50 million dollars a day
More than 30,000 Boeing engineers walked off the job at midnight on September 13 after rejecting a tentative labor agreement by a nearly 95% vote — 96% voting in favor of the strike. They received their last paychecks Thursday and health benefits are set to expire on September 30. A strike fund from the union will soon give them $250 a week.
The strike is costing Boeing about $50 million a day, Bank of America aerospace analyst Ron Epstein estimates. The strike has halted production of most of Boeing’s planes and is rippling through the aerospace giant’s vast network of suppliers, some of whom have already been told to halt shipments. Boeing still builds 787 Dreamliners at its non-union plant in South Carolina.
Members of the Boeing Machinists union count votes to accept or reject a proposed contract between Boeing and union leaders, and whether or not to strike if the contract is rejected, at the Aerospace Machinists Union Hall in Seattle, Washington, on September 12 2024.
Jason Redmond | AFP | Getty Images
The battle pits an embattled Boeing with a workforce seeking wage increases and other improvements. Boeing’s most recent offer included across-the-board wage increases of 25 percent in a four-year deal and was endorsed by the machinists’ union, the International Union of Machinists and Aerospace Workers 751.
The workers said they were seeking wage increases close to the 40 percent the union had proposed, as well as annual bonuses and restoration of pensions lost more than a decade ago.
Boeing and the union have been at the bargaining table this week, but both Boeing and union negotiators said they were frustrated by the lack of progress.
“We continue to prioritize the issues you identified in the most recent survey,” union negotiators wrote to members Wednesday, “but we are deeply concerned that the company has not addressed your primary concerns.

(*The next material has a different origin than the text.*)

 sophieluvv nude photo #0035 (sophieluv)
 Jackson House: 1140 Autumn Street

No substantial progress has been made in today’s talks.”
Ortberg, who has been on the job for just six weeks, announced Temporary layoffs this week of tens of thousands of Boeing staff, including managers and executives, following a hiring freeze and other cost-cutting measures announced this week.

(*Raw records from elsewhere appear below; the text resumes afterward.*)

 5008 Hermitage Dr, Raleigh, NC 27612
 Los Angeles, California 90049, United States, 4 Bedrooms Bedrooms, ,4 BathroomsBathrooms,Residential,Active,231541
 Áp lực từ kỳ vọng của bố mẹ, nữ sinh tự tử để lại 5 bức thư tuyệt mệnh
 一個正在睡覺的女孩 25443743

“In mediation with the union this week, we continued our good faith efforts to engage the union bargaining committee in meaningful negotiations to address the feedback we heard from our group,” Ortberg said in a memo to staff Friday. .

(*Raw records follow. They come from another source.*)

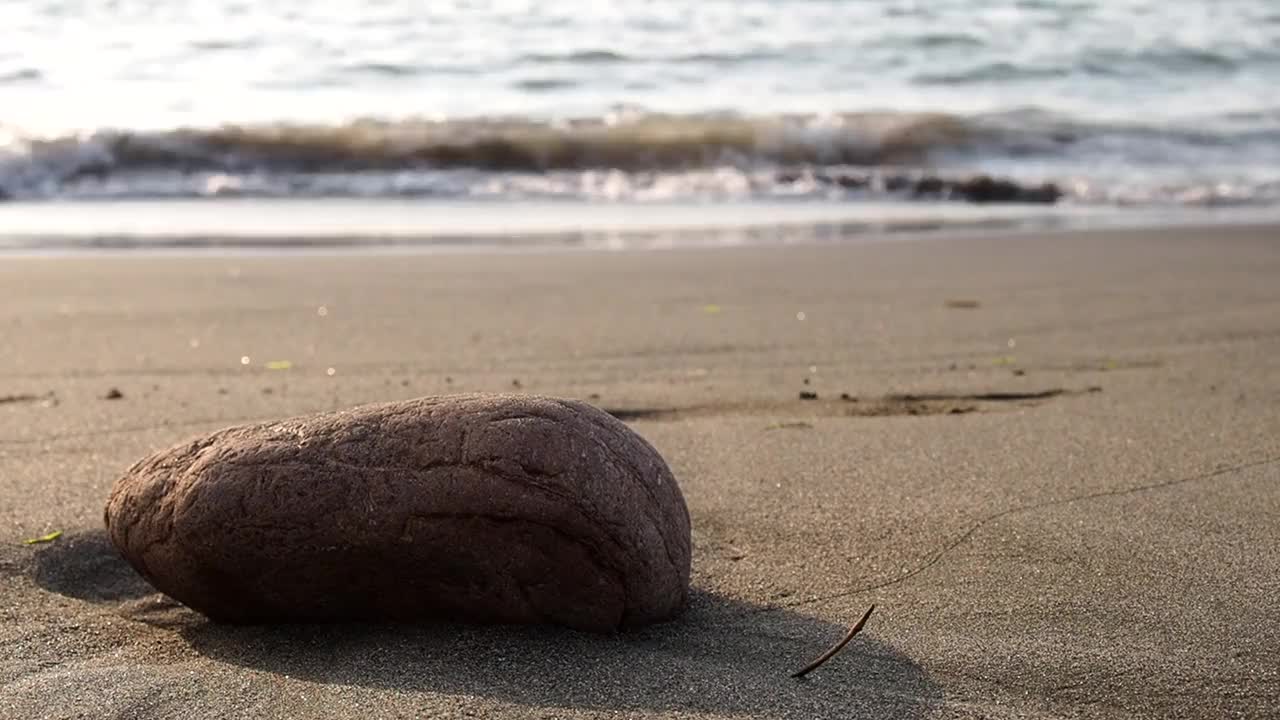 岸边的石头。海边的海滩。海浪打在岩石上视频素材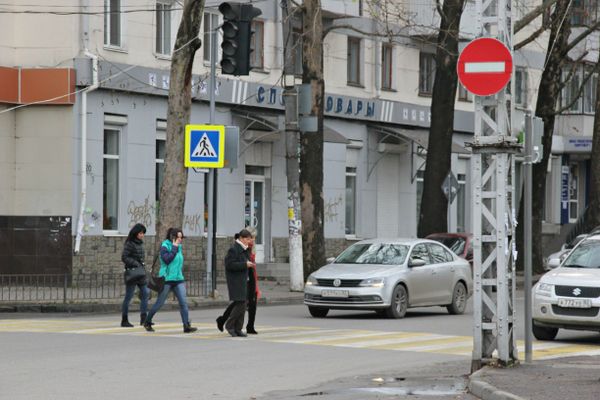 Водители пропускают пешеходов через дорогу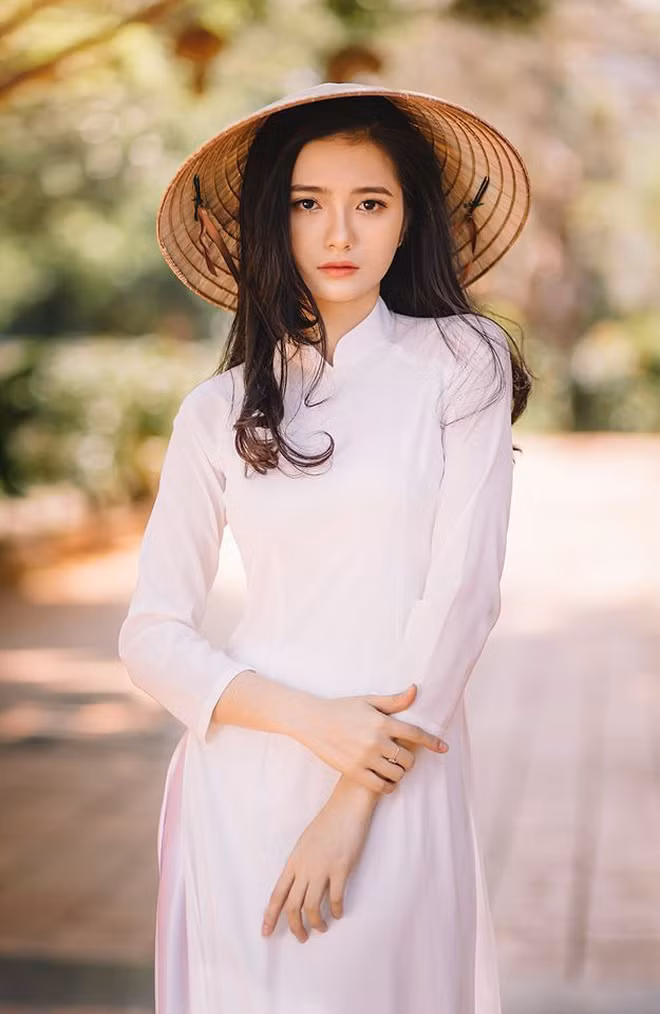 Quả thật, bất cứ ai bắt gặp bộ ảnh áo dài của nữ sinh Dược này cũng phải xuýt xoa khen ngợi vì nhan sắc có chút lai Tây, thần thái quá xuất sắc.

“While we are disappointed that the discussions did not lead to more progress, we remain very committed to reaching an agreement as soon as possible that recognizes the hard work of our employees and ends the work stoppage in the Pacific Northwest,” Ortberg wrote.
The strike, which involves Boeing engineers in the Seattle, Oregon area and a few other locations, is just the latest in a series of labor battles in recent years involving actors, auto workers, longshoremen and airline employees, who have win. increases after strikes or threats of strikes.
The Biden administration encouraged Boeing and the union to reach an agreement.
“I think both parties want to reach a resolution here, and I hope they see a resolution that makes sense for employees and works for a company that really has to find its way forward on so many fronts.” , Transportation Secretary Pete Buttigieg told CNBC’s “Squawk Box” on Thursday.
Tight labor market
Boeing faces a tight labor market. During the last strike, in 2008, which lasted less than two months, the company was in better financial shape and there was less competition for work in the area.
A Boeing supplier told CNBC that laying off or laying off workers would cause problems for months afterward because it takes so much time to train staff in such technical and detailed work.
During the pandemic, Boeing and its suppliers laid off thousands of workers. Since then, they have struggled to hire and train workers in time for a resurgence in air travel and aircraft demand.
“You’re in an environment where it’s difficult to get skilled, technical labor right now, particularly in aerospace and defense,” Bank of America’s Epstein said. “So what do you do to not only retain them but attract them? If they really want a pension, maybe that gives you a competitive advantage over people trying to attract talent.”